*** Opening Data supplied ***

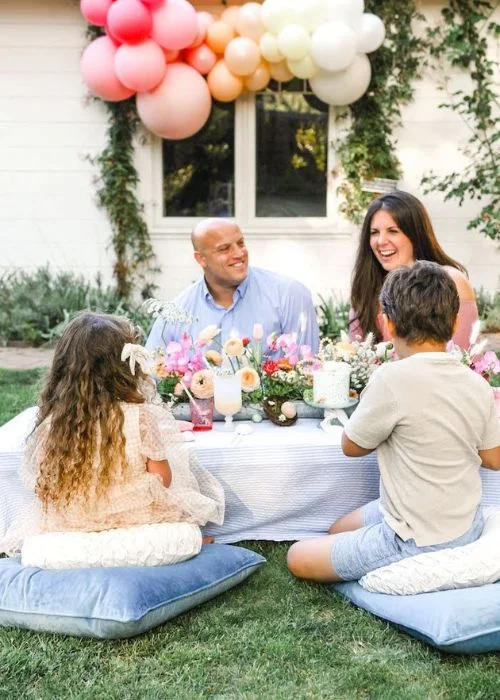 easter picnic portrait idea, Easter morning photos, Easter photography poses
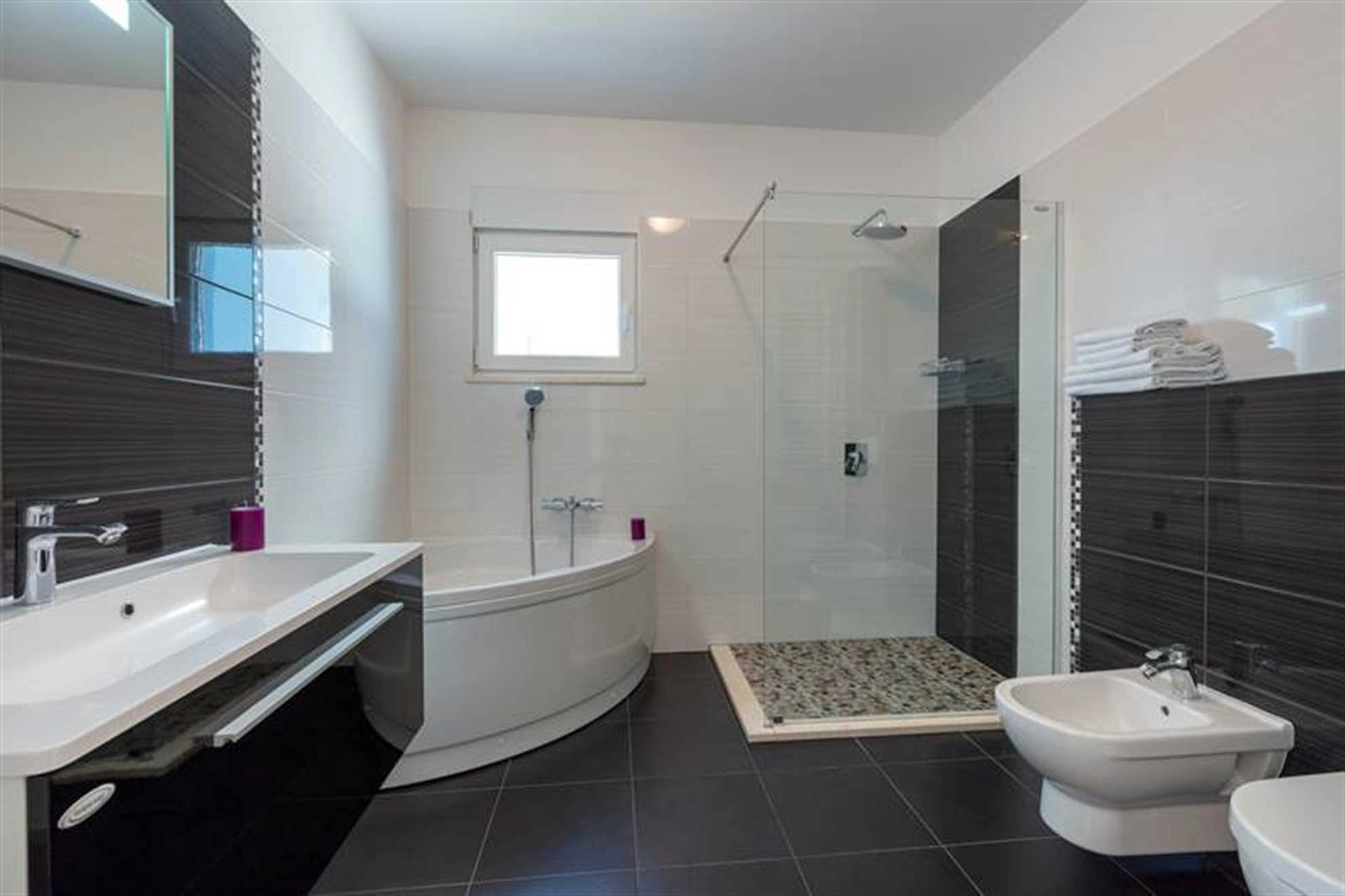 MODERN VILLA MERMAID IN PODSTRANA, PRIVATE HEATED POOL - 187969 Modern Villa Mermaid in Podstrana, private heated pool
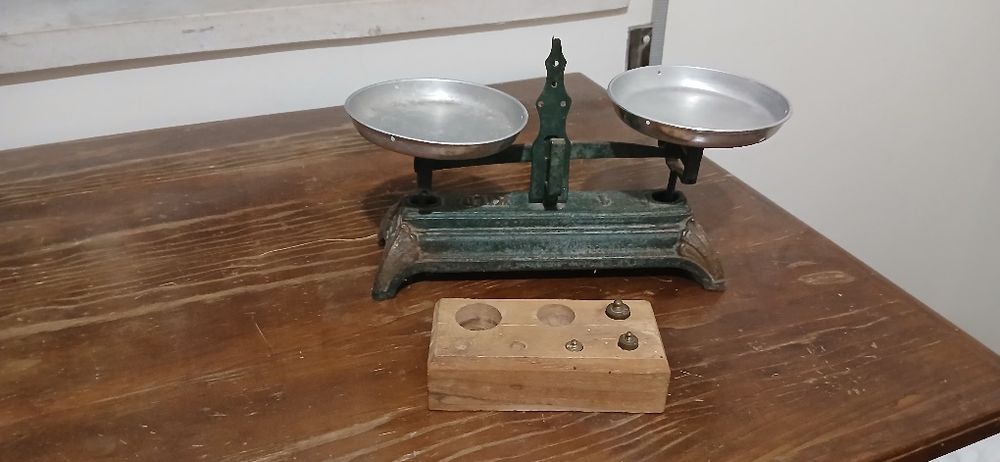Balança antiga de pratos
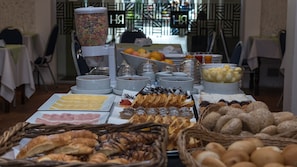 Petit déjeuner buffet compris tous les jours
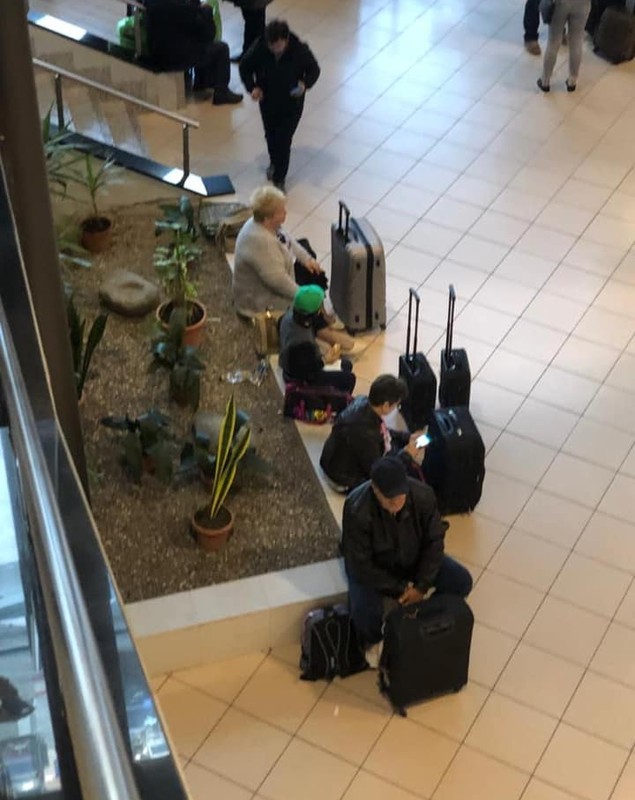 Dezastrul găsit de ministrul Transporturilor la Aeroportul Otopeni: „O mizerie de nedescris în toalete". Directorul aeroportului a fost demis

*** Closing Data supplied ***

Work instructions
Reproduce the records above from their first line to the line bearing "Petit déjeuner buffet compris tous les jours", both ends included, leaving every picture out.

Answer box
 easter picnic portrait idea, Easter morning photos, Easter photography poses
 MODERN VILLA MERMAID IN PODSTRANA, PRIVATE HEATED POOL - 187969 Modern Villa Mermaid in Podstrana, private heated pool
Balança antiga de pratos
 Petit déjeuner buffet compris tous les jours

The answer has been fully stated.